Hi, good morning. Thanks. Just wanted to follow-up on the question on this productivity gains. Could you just give us some color on what initiatives you might be able to pursue or timing? And more specifically, you've obviously been pretty successful with cost saves in the past.

I think that's probably one of the reasons why your earnings level has been rather elevated. Just wondering how much the low hanging fruit may already be exhausted and so you're

Speaker 10

going to just have to dig in

Speaker 13

a little harder and it's not going to be as easy to find some of these gains?

Speaker 3

Well, I think when we look at our comparison that Harbor or I guess if Oliver Wyman now does from a productivity, we still have opportunities to improve. And it's not just on minutes per hour of the and the way we design a job. It's much broader than that. And I think we have a lot of opportunities to still tap into as we really optimize our complexity and we leverage reuse. And so those are things that I'm very pleased that the organization has taken to a new level this year and that will play out over multiple years because a lot of it is if you design the vehicle for a design for manufacturability, doing that now will play out in years when we actually launch the vehicle, be it 2, 3, 4 years from now.

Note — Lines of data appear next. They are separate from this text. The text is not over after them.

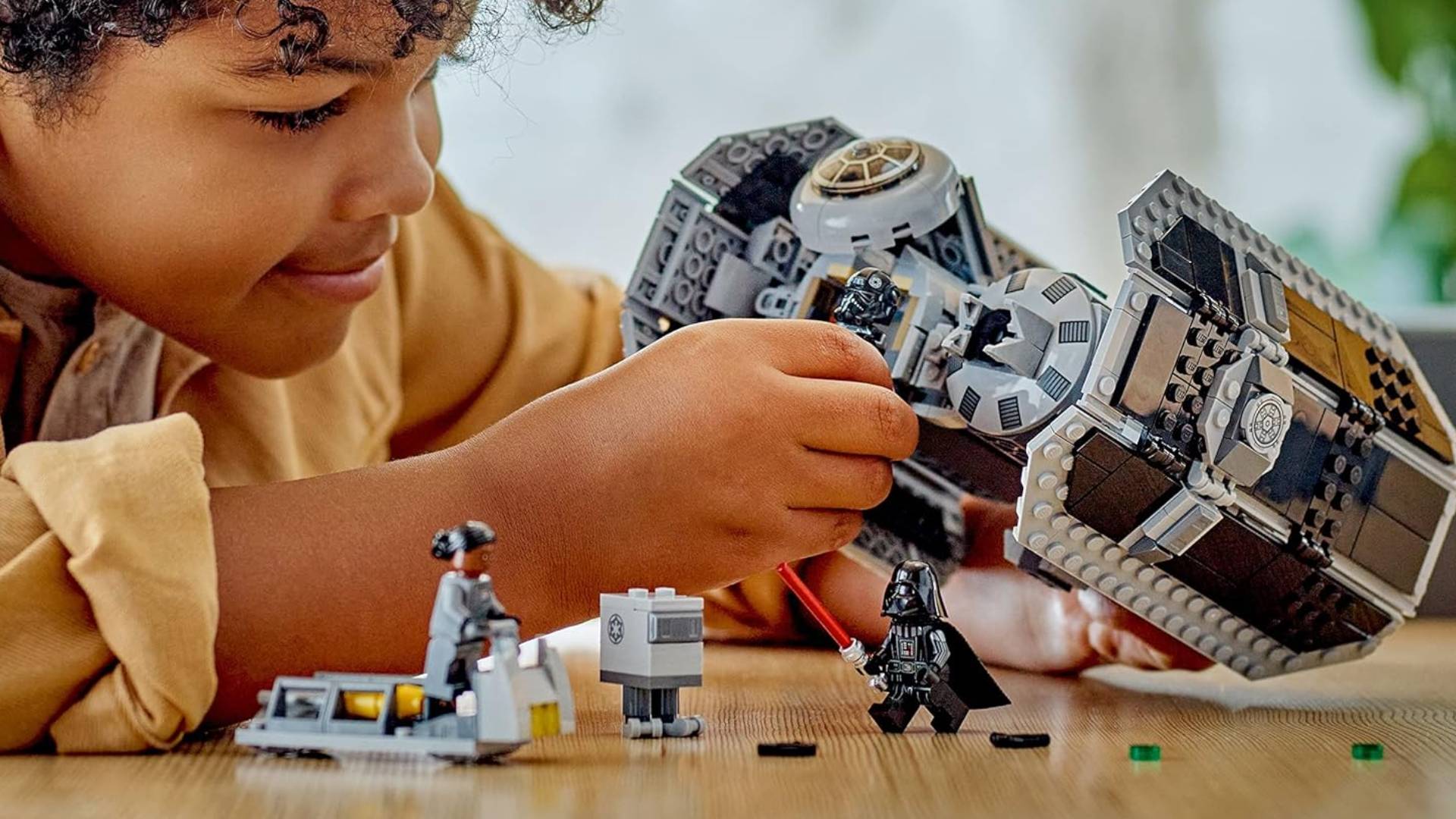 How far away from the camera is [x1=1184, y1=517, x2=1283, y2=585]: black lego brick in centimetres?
70

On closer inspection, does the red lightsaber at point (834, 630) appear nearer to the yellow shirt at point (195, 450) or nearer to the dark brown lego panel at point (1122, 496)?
the dark brown lego panel at point (1122, 496)

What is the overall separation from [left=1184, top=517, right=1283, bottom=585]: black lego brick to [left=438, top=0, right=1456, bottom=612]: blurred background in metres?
1.23

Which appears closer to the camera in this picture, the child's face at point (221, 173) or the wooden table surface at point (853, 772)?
the wooden table surface at point (853, 772)

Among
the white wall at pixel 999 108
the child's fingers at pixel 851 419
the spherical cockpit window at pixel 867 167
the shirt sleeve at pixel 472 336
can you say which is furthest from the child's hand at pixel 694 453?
the white wall at pixel 999 108

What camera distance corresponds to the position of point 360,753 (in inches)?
21.8

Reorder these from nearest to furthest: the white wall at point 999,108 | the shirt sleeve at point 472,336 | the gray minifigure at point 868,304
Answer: the gray minifigure at point 868,304
the shirt sleeve at point 472,336
the white wall at point 999,108

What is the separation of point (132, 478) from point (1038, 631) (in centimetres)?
52

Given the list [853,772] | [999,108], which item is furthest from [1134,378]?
[999,108]

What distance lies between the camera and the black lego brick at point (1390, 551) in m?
0.75

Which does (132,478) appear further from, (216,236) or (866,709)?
(866,709)

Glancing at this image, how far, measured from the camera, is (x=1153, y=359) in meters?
0.66

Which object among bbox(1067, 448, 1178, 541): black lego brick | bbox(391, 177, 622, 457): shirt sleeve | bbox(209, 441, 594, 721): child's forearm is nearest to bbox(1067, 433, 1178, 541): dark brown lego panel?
bbox(1067, 448, 1178, 541): black lego brick

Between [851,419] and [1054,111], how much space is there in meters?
1.44

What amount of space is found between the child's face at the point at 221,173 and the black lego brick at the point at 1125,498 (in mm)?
365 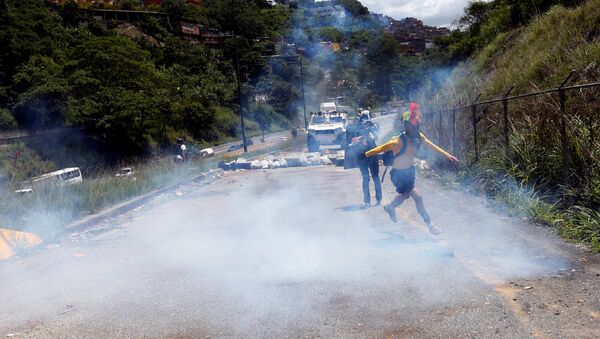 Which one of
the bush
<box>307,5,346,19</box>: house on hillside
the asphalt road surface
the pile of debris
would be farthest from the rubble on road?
the bush

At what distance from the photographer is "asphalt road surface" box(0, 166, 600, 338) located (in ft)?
14.2

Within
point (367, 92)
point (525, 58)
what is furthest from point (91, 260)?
point (367, 92)

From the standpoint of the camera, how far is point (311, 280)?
217 inches

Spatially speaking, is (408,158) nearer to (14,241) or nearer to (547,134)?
(547,134)

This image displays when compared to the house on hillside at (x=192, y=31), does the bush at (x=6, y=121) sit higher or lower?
lower

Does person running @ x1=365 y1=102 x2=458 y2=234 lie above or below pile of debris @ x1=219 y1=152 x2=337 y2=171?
above

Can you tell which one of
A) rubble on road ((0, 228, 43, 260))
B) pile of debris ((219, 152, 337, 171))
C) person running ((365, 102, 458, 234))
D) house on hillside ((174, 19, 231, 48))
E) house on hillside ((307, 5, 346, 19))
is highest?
house on hillside ((174, 19, 231, 48))

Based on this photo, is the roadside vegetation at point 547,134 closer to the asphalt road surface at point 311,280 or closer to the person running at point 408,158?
the asphalt road surface at point 311,280

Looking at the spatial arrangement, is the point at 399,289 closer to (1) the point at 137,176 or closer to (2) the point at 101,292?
(2) the point at 101,292

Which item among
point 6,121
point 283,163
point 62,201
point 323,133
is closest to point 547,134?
point 62,201

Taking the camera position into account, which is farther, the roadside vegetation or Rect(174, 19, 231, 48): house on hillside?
Rect(174, 19, 231, 48): house on hillside

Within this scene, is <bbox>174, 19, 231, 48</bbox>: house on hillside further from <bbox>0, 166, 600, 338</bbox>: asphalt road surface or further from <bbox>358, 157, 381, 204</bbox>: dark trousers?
<bbox>0, 166, 600, 338</bbox>: asphalt road surface

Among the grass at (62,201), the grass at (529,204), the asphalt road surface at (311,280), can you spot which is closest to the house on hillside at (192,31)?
the grass at (62,201)

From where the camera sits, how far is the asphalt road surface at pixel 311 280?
Answer: 14.2ft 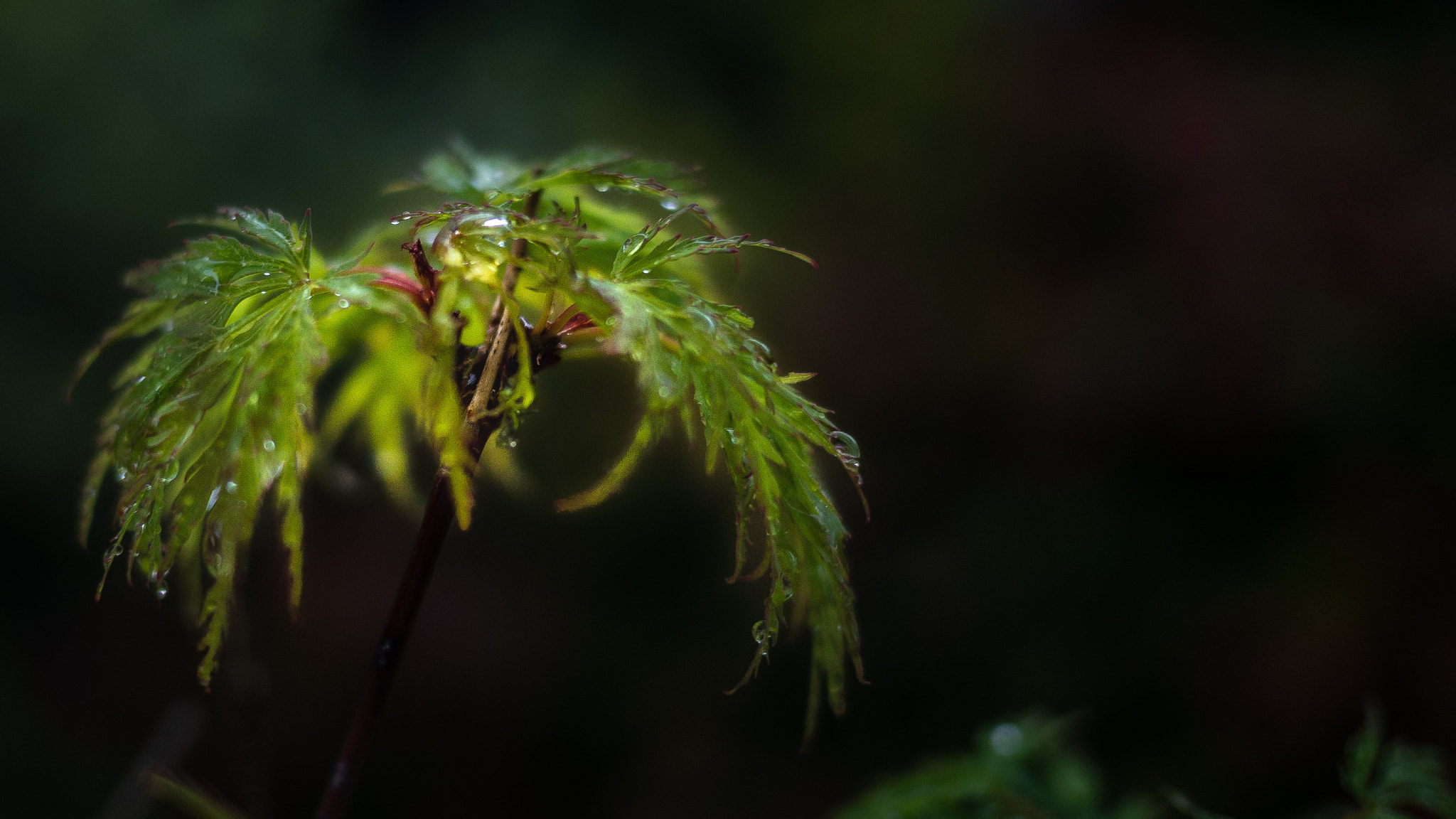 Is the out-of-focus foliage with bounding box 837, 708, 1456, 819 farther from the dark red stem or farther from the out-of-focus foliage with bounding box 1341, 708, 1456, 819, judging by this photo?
the dark red stem

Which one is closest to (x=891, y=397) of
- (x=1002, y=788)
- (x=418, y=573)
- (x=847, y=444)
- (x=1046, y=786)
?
(x=1046, y=786)

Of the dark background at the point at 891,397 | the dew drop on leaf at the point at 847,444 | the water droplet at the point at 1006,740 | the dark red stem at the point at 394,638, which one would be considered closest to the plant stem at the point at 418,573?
the dark red stem at the point at 394,638

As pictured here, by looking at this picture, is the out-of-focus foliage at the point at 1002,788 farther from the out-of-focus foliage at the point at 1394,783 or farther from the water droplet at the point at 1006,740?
the out-of-focus foliage at the point at 1394,783

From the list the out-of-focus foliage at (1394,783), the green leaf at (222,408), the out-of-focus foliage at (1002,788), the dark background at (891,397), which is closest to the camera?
the green leaf at (222,408)

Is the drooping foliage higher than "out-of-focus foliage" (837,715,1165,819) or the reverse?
higher

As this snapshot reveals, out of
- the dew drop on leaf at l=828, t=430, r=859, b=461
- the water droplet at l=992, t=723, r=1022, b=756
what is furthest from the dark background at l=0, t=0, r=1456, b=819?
the dew drop on leaf at l=828, t=430, r=859, b=461

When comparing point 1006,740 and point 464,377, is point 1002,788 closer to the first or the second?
point 1006,740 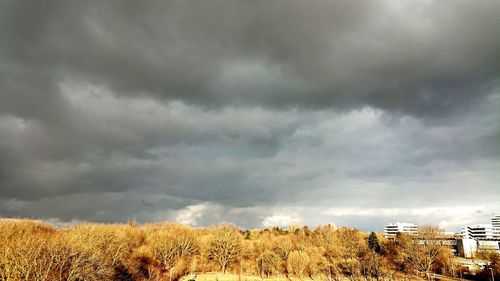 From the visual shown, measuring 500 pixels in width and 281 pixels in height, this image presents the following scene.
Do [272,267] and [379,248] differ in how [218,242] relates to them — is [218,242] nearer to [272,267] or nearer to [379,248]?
[272,267]

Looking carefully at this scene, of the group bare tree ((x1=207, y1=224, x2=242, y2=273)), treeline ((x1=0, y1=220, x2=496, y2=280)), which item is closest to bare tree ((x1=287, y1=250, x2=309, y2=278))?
treeline ((x1=0, y1=220, x2=496, y2=280))

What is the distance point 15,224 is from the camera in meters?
81.8

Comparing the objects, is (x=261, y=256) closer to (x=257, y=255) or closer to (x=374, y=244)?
(x=257, y=255)

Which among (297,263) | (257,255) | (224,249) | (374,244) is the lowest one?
(297,263)

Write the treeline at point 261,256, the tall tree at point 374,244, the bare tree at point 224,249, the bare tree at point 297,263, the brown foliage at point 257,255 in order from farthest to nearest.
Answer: the tall tree at point 374,244 < the bare tree at point 224,249 < the bare tree at point 297,263 < the treeline at point 261,256 < the brown foliage at point 257,255

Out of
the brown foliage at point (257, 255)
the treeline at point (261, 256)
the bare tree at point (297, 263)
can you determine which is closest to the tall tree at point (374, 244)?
the treeline at point (261, 256)

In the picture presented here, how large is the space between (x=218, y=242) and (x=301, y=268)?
1392 inches

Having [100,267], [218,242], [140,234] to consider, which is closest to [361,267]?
[218,242]

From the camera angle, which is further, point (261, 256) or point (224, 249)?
point (261, 256)

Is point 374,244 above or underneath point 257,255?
above

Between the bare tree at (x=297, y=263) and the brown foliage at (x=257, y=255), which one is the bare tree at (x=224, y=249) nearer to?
the brown foliage at (x=257, y=255)

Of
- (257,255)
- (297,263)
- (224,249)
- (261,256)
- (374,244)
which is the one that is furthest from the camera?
(374,244)

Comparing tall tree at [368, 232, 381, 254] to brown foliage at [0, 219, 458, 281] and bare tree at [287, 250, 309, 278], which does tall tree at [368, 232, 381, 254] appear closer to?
brown foliage at [0, 219, 458, 281]

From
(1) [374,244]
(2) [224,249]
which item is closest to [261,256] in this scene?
(2) [224,249]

And don't underestimate the work that we've been doing on built in and quality level 4 because for the plants that are already there, we definitely see just the fact that more vehicles are built in station means they spend no time in repair and that's savings as well. So I believe, although I'm very proud of the manufacturing team of what they've already accomplished and working across with the engineering organization, I think there's still much more to tap into and that's what we do.

Speaker 13

Great. And then just as a second question, one that's more existential and sort of touching on one of the prior questions. Obviously, one of your publicly stated goals is a 0 emissions future, and that probably requires a smaller footprint than what you have in place today. So first of all, does A, does this current agreement have any limitations on specifying limitations on what you can build for EVs? And then just more broadly with your 0 emissions future goal, how aligned is your labor partner with you on this goal?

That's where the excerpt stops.